*Activity*
Repeat the entries below exactly. Begin with the first line and end with the line that contains "Photo of property".

● ● ● ● ● ● ●

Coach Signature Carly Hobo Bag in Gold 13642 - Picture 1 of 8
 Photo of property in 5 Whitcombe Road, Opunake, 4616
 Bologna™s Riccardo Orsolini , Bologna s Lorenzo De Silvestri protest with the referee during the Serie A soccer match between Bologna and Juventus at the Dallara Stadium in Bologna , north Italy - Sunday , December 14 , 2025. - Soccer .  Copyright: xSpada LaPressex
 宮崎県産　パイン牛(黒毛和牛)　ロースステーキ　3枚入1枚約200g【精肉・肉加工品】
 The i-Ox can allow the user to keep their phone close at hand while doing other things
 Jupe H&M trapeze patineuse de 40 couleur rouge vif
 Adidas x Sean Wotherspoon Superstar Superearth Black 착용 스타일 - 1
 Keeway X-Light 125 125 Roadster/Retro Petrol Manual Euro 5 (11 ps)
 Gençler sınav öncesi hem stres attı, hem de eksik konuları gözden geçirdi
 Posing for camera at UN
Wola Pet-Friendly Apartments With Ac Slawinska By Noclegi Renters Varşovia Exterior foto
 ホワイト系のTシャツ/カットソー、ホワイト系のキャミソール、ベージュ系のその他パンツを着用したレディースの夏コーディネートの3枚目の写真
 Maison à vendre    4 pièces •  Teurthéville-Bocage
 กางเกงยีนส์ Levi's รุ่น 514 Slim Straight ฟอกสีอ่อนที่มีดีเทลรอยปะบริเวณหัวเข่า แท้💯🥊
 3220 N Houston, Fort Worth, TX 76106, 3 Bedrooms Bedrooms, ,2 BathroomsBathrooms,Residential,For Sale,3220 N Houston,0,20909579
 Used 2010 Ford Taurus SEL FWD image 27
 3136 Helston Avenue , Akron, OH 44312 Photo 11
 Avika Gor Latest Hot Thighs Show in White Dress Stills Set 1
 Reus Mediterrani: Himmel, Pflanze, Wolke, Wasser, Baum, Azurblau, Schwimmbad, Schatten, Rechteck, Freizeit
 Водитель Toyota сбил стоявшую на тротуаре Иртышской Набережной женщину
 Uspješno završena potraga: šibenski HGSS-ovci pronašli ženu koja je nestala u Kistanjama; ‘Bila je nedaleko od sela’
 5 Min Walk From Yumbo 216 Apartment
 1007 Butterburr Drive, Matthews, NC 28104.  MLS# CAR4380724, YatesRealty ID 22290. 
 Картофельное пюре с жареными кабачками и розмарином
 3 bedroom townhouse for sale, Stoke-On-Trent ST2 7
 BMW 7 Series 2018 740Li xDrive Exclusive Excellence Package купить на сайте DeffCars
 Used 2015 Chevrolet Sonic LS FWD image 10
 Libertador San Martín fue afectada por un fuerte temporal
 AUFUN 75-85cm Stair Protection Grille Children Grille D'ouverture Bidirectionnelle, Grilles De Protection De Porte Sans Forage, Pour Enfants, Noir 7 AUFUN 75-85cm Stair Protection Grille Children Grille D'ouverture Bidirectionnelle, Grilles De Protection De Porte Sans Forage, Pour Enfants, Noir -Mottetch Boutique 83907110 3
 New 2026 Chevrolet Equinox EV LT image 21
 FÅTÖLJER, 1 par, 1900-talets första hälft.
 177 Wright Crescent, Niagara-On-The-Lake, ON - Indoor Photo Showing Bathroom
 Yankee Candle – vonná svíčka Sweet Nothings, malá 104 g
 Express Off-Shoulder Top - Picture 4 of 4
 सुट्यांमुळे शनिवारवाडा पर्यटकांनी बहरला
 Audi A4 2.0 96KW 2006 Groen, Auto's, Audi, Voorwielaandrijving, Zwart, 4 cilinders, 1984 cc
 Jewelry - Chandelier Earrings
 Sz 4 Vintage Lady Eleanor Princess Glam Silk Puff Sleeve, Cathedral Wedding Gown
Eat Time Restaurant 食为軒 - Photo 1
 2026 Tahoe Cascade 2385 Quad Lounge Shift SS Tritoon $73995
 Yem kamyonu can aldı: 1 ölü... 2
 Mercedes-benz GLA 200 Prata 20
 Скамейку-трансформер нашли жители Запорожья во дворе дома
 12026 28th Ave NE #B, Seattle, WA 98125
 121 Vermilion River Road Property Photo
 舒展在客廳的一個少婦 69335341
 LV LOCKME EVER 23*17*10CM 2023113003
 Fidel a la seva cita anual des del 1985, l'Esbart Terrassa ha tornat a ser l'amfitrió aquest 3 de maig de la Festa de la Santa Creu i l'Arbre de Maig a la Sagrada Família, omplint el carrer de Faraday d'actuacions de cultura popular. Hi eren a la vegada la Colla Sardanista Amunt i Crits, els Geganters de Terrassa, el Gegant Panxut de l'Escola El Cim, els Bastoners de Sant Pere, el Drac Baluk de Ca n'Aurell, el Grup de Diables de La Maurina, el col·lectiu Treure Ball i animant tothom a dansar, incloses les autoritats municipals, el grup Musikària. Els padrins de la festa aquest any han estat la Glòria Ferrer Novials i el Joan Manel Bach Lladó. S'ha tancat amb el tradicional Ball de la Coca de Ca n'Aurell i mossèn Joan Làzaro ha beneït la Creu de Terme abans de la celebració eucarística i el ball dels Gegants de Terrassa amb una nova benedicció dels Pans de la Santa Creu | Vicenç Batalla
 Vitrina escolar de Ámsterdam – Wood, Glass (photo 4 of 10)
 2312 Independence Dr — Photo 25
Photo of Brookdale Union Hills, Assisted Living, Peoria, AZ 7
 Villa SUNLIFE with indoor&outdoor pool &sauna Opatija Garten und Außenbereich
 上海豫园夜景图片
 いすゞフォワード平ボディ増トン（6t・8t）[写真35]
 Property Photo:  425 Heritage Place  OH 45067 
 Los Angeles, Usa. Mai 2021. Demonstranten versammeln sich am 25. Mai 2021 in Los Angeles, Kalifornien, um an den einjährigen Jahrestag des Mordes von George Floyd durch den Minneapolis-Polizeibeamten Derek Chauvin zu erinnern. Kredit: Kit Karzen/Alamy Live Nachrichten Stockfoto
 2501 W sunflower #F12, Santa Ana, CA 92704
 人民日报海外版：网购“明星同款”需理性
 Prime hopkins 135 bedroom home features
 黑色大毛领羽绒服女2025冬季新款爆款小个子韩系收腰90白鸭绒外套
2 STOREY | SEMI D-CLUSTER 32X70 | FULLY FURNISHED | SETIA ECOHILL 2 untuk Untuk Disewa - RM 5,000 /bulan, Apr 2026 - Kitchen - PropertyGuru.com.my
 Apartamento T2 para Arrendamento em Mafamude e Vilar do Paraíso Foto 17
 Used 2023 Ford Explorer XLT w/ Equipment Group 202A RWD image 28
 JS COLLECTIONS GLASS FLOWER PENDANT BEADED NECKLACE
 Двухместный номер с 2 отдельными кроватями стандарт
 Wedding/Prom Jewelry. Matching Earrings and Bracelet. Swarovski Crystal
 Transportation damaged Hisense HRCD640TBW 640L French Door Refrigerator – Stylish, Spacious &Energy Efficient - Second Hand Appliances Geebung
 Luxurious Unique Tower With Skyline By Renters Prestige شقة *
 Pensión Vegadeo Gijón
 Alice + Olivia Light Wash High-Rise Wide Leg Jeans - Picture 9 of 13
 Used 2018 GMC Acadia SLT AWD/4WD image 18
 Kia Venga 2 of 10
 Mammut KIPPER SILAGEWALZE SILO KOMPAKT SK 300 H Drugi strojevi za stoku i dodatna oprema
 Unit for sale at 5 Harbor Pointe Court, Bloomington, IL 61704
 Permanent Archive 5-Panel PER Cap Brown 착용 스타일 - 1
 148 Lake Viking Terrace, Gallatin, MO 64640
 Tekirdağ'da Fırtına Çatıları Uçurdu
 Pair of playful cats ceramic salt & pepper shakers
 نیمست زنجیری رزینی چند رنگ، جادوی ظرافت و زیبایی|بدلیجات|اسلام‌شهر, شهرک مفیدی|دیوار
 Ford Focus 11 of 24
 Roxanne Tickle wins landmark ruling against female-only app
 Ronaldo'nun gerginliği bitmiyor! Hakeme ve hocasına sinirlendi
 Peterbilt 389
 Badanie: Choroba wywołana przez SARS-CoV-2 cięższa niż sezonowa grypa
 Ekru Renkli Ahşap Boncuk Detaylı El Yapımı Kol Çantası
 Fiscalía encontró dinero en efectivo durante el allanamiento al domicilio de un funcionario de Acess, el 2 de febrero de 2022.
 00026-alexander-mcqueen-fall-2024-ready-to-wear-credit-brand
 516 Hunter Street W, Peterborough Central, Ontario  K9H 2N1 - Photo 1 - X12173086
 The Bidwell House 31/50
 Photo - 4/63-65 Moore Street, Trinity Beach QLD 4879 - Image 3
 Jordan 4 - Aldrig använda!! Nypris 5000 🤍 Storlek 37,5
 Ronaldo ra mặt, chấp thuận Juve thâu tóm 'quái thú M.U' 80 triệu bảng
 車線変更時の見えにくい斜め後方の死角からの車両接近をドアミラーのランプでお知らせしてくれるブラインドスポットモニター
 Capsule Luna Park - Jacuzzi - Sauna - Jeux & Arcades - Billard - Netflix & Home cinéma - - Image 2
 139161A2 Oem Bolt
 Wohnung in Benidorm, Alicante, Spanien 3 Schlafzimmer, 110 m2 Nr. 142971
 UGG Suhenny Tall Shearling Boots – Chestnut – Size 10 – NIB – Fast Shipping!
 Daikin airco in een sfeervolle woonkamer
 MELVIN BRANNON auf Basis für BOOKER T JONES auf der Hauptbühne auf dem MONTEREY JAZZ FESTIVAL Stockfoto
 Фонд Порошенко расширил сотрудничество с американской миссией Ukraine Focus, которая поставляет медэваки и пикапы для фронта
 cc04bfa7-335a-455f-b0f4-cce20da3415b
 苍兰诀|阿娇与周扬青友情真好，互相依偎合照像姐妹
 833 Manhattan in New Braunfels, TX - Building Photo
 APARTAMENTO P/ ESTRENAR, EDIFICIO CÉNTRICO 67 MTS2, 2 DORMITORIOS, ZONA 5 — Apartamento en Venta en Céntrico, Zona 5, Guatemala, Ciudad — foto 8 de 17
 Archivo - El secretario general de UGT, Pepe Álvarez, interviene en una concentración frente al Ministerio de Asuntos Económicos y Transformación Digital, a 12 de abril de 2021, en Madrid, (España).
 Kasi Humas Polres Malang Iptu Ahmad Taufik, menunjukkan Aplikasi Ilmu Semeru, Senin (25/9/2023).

● ● ● ● ● ● ●

*Solution for this task*
Coach Signature Carly Hobo Bag in Gold 13642 - Picture 1 of 8
 Photo of property in 5 Whitcombe Road, Opunake, 4616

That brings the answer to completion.